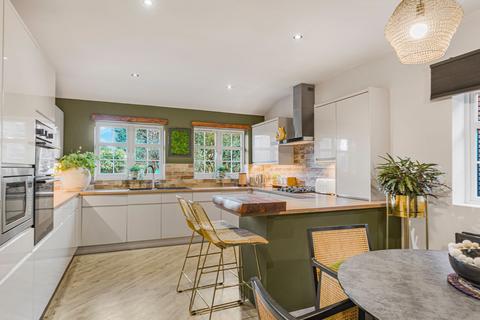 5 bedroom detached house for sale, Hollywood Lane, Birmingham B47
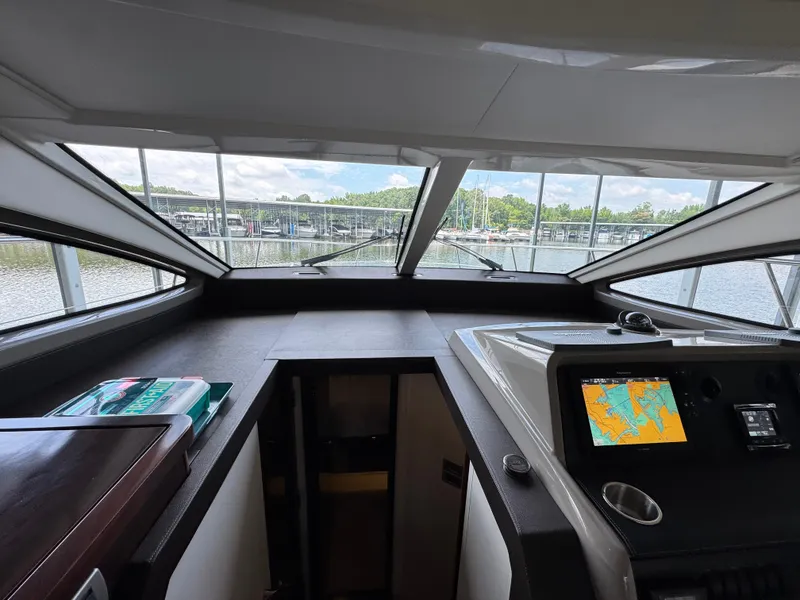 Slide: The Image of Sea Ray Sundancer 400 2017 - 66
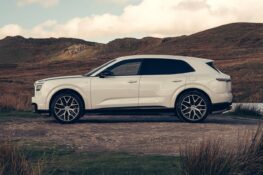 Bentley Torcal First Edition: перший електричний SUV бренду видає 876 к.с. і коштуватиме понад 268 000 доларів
==
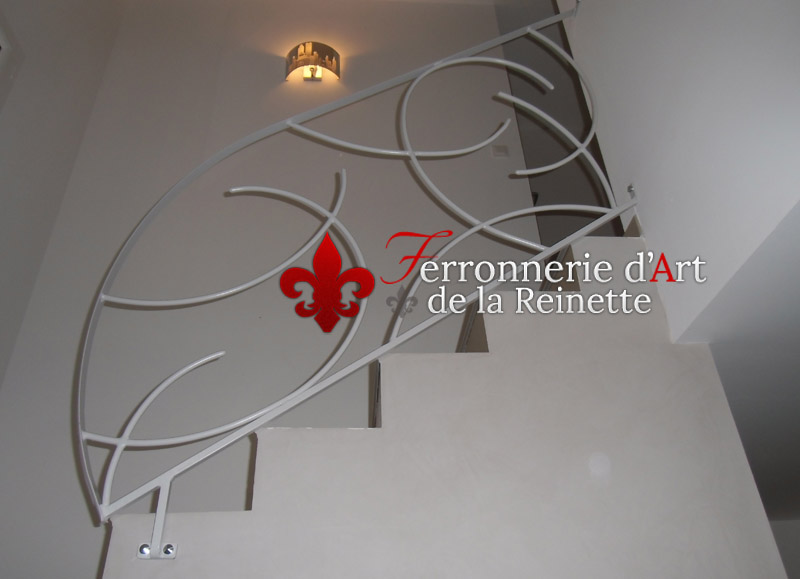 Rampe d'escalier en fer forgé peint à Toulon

Aim of the task: Within the listing above, the lines from the one with "5 bedroom detached" through the one with "Bentley Torcal First" are to be given again word for word. Do not include pictures.

Response to the exercise:
 5 bedroom detached house for sale, Hollywood Lane, Birmingham B47
 Slide: The Image of Sea Ray Sundancer 400 2017 - 66
 Bentley Torcal First Edition: перший електричний SUV бренду видає 876 к.с. і коштуватиме понад 268 000 доларів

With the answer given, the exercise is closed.